Task statement | From the first line of the listing, copy each line exactly until you have included the line with "Ein Angler Angeln"; leave out the pictures.
•••••
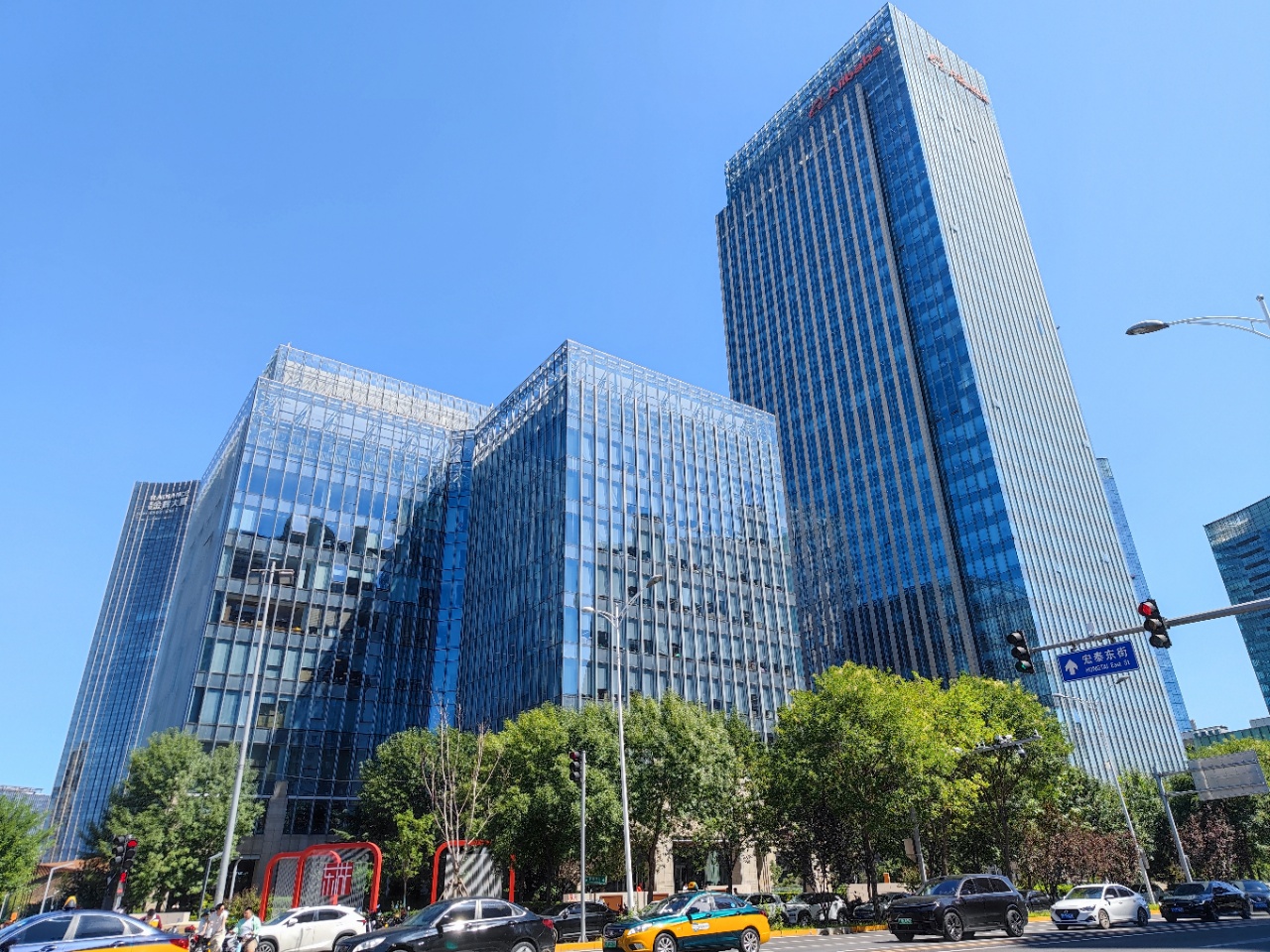 望京东绿地中心写字楼外观高清图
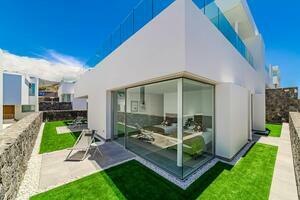 3 Bedroom Villa - Callao Salvaje (37)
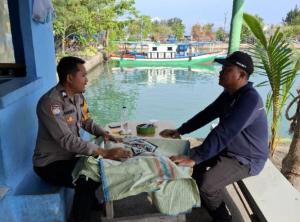 Bhabinkamtibmas Pulau Tidung Sambang Tomas, Tegaskan Komitmen Berantas Premanisme dan Jaga Keamanan Wilayah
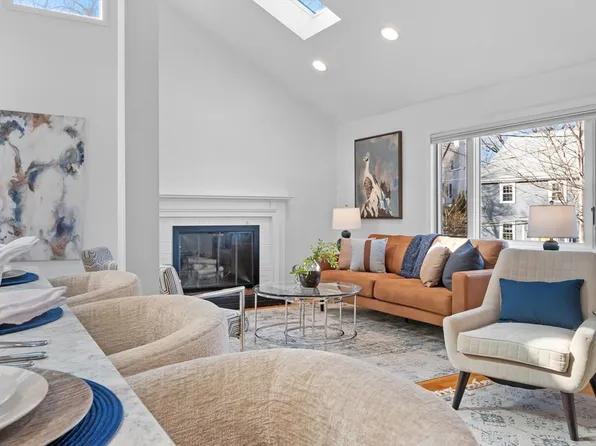 8 Bowditch Rd, Jamaica Plain, MA 02130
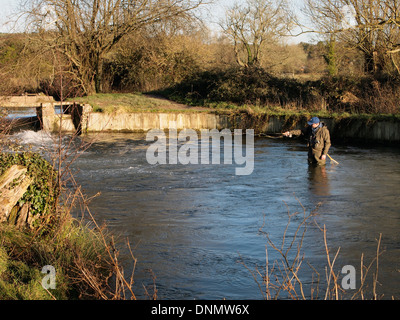 Ein Angler Angeln auf Weißfische auf die Itchen Navigation unterhalb der alten Compton-Schleuse in der Nähe von Shawford, Hampshire, England. Stockfoto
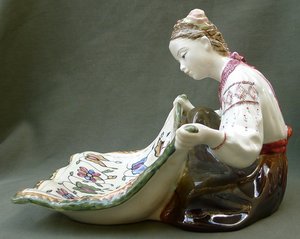 Украиночка с платком, Конаково - 1953 год, М. Холодная.
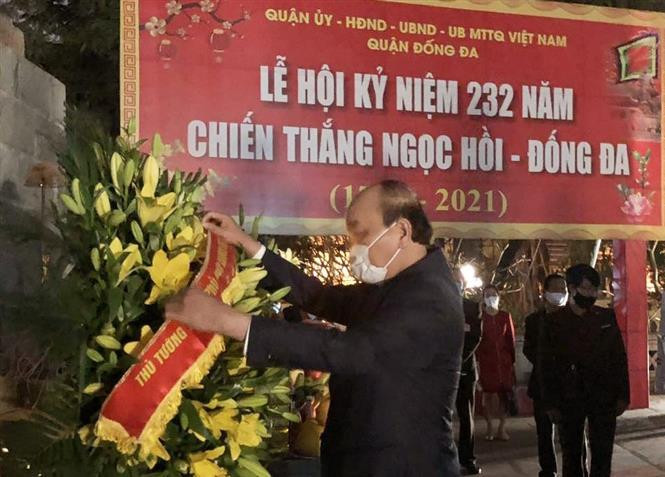 政府总理阮春福为民族布衣英雄光忠阮惠献花。图自越通社 政府总理阮春福为民族布衣英雄光忠阮惠上香 ảnh 1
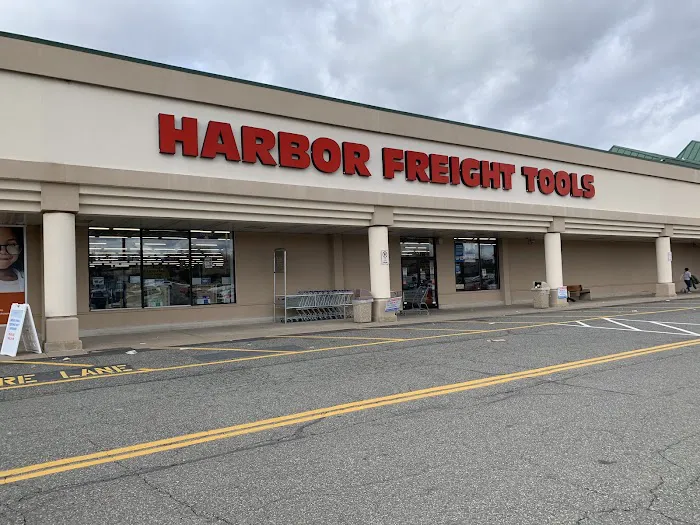 Harbor Freight 3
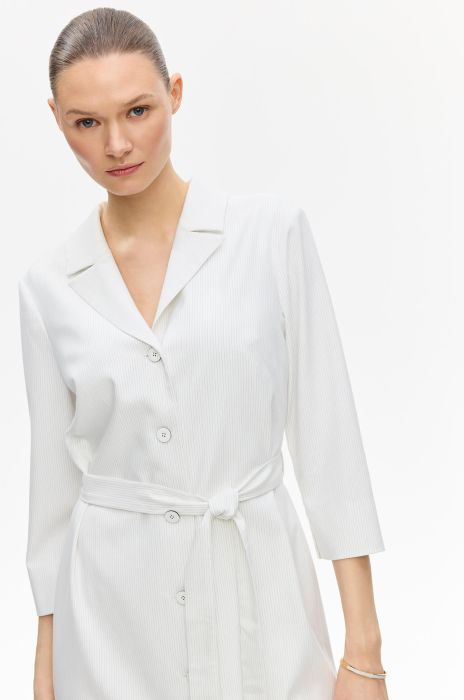 Taliowana sukienka w delikatny prążek Solar Obraz 5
•••••
Written reply |
 望京东绿地中心写字楼外观高清图
 3 Bedroom Villa - Callao Salvaje (37)
 Bhabinkamtibmas Pulau Tidung Sambang Tomas, Tegaskan Komitmen Berantas Premanisme dan Jaga Keamanan Wilayah
 8 Bowditch Rd, Jamaica Plain, MA 02130
 Ein Angler Angeln auf Weißfische auf die Itchen Navigation unterhalb der alten Compton-Schleuse in der Nähe von Shawford, Hampshire, England. Stockfoto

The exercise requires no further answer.